TÜRBÜLANS

Türkiye Cumhuriyeti çok net bir şekilde türbülansa girmiştir. Ekonomi, hukuk, adalet, can ve mal güvenliği, Demokrasi, sosyal devlet ve daha birçok konuda güvensizlik yaşanmaktadır. Güven kelimesinin her şeyin temel taşı olduğunu önceki yazılarımda kaleme almıştım.
Son zamanların gündemi olan Ekrem İmamoğlu'nun diplomasının iptal edilmesi, gözaltına alınması, tutuklanması, Ümit Özdağ'ın, Sebahattin Demirtaş'ın içeri atılması, seçilmiş belediye başkanlarının görevden alınması, içeri atılması, belediyelere kayyum atanması tam anlamıyla Türkiye Cumhuriyeti devletine zarar vermektedir.
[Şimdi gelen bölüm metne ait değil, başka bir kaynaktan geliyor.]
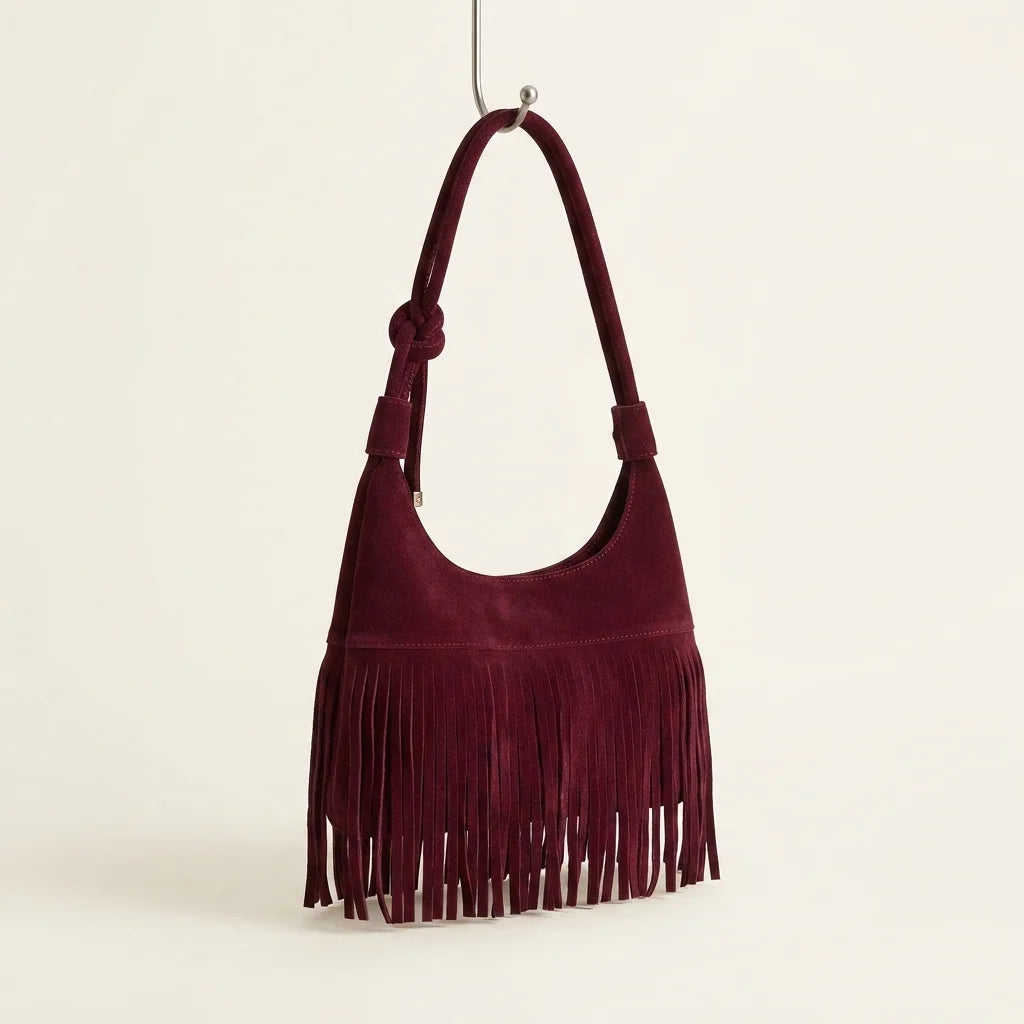 Burgundy faux suede fringe bag, three-quarter angle showing side depth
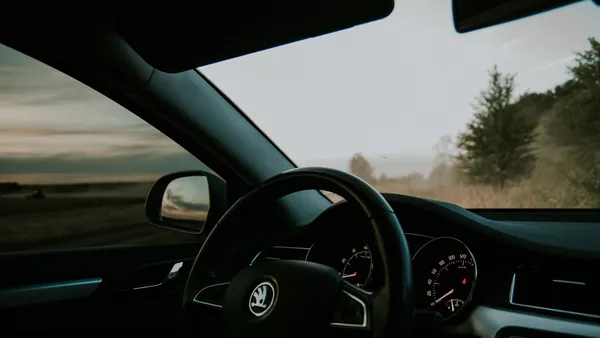 Dashboard and steering wheel of a car with the instrument cluster and green countryside through the windshield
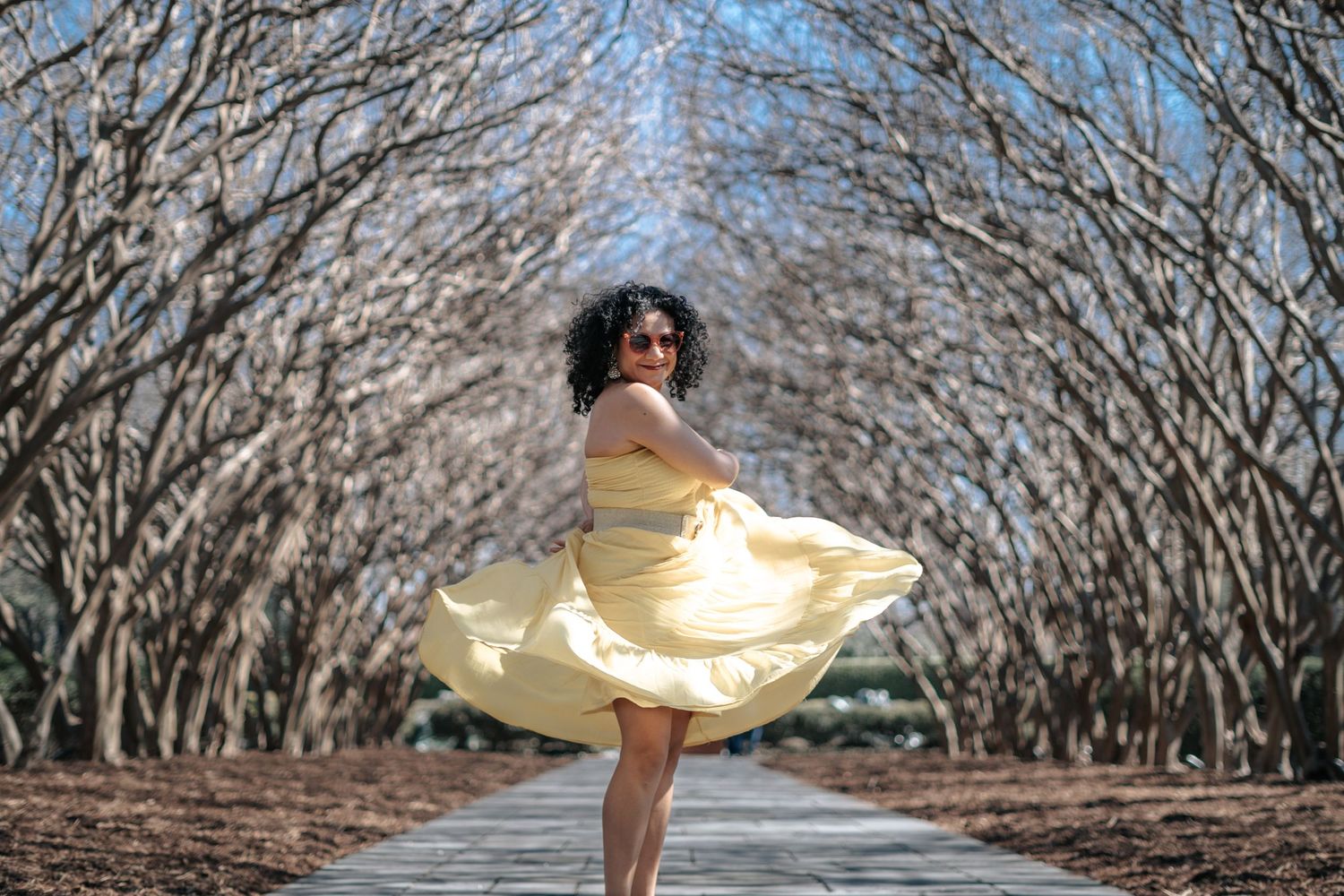 Woman in yellow dress twirling on a tree-lined path with bare branches forming a canopy overhead.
Devlet ve devletin tüm kurumları şu anda siyasetin güdümünde işler yapmaktadır. Halbuki devletin siyaset ile işinin olmaması gerekmektedir. Örnek vermek gerekirse şehirlerde devletin temsilcisi validir. Bir valinin siyaset yapması veya siyasetin güdümünde çalışma yapması doğru olur mu? Tabi ki olmaz. Bu durum tüm devlet kurumları içinde böyledir ama şu anda devlet kurumları siyasette öne geçmek için bir sopa olarak kullanılmaktadır. Bir an önce devlet aklının yerine gelmesi gerekmektedir.
Türkiye Cumhuriyeti bu hiçbir işe yaramayacak şeyler ile uğraşırken dünyadaki gelişmeleri kaçırıyor. Şu anda tüm dünyada sanayi devrimi gerçekleşiyor. Osmanlı Devleti'nin zayıflama nedeni buharlı makinaların üretilmesi ile günün çağını yakalayamamasıydı. Sanayi devrimini kaçıran Osmanlı Devleti zayıflamış ve sonunda yıkılmıştır. Geçmişten ders alınmalı ve ülkenin enerjisini böyle hiçbir işe yaramayacak konularla harcanmamalıdır. Aksi taktirde ülke daha çok kötüye gidecek, halk daha çok yoksullaşacak, kurumlar zayıflayacak, ekonomi daha kötüye gidecek, adalet ve demokrasi işlevsiz hale gelecektir.
Şunu unutmamak gerekir; ADALETİN OLMADIĞI YERDE DEVLET OLMAZ.